De seu lado, Ciro e seu irmão Cid sempre foram refratários a partidos políticos. Seu voluntarismo, ainda que esclarecido, não cabe no figurino de um partido político. Aceitar a proposta do PT significaria se submeter a pactos com a Executiva do partido.
Tudo era uma questão de negociação. Mas elas não aconteceram.
Nem se atribua a vitória de Bolsonaro à ausência de Ciro: os ciristas votaram em peso em Haddad; o grande pacto aconteceu, mesmo com a ausência do líder.

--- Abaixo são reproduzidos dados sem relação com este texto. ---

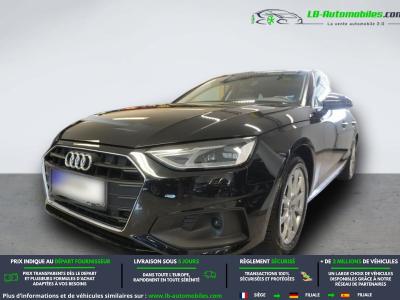 Audi A4 Avant 35 TFSI 150 BVA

A falseta de Ciro foi contra seus próprios apoiadores.
A última semana de campanha foi um momento histórico na vida de todos os democratas, período em que aflorou uma solidariedade do nível dos grandes comícios pelas diretas, com artistas, intelectuais independentes, juristas, youtubers se irmanando em uma ação emocionante contra o arbítrio. Foi um momento inesquecível de solidariedade democrática, marcando o nascimento do novo contra o atraso do governo Bolsonaro e suas milícias.
Depois de um primeiro turno brilhante, Ciro seguiu para Paris abandonando seguidores, artistas e, especialmente, governadores aliados. Não atendeu sequer os telefonemas de governadores aliados. Enquanto isto, no Twitter, sua candidata a vice-presidente, Katia Abreu, dirigia todos seus ataques a Lula e ao PT, com uma falta notável de senso de oportunidade, não entendendo que a grande bandeira, aos olhos de seus seguidores, é a resistência a Bolsonaro, não a disputa por espólios da oposição.
A estratégia de Ciro será dividir a oposição, para cavalgar o antipetismo contra o antibolsonarismo, mostrando notável capacidade de dispersão de energias. O que pretende?
Caso tivesse se empenhado no segundo turno, conseguiria juntar o antipetismo democrático com o petismo agradecido. Teria muito mais condições que Haddad para consolidar o grande pacto nacional pela democracia, por não carregar a herança petista.
Mas, enfim, preferiu o caminho solitário de quem não negocia: comanda. A incapacidade de negociar o impediu de ser presidente e dificultará bastante suas pretensões de liderar a oposição.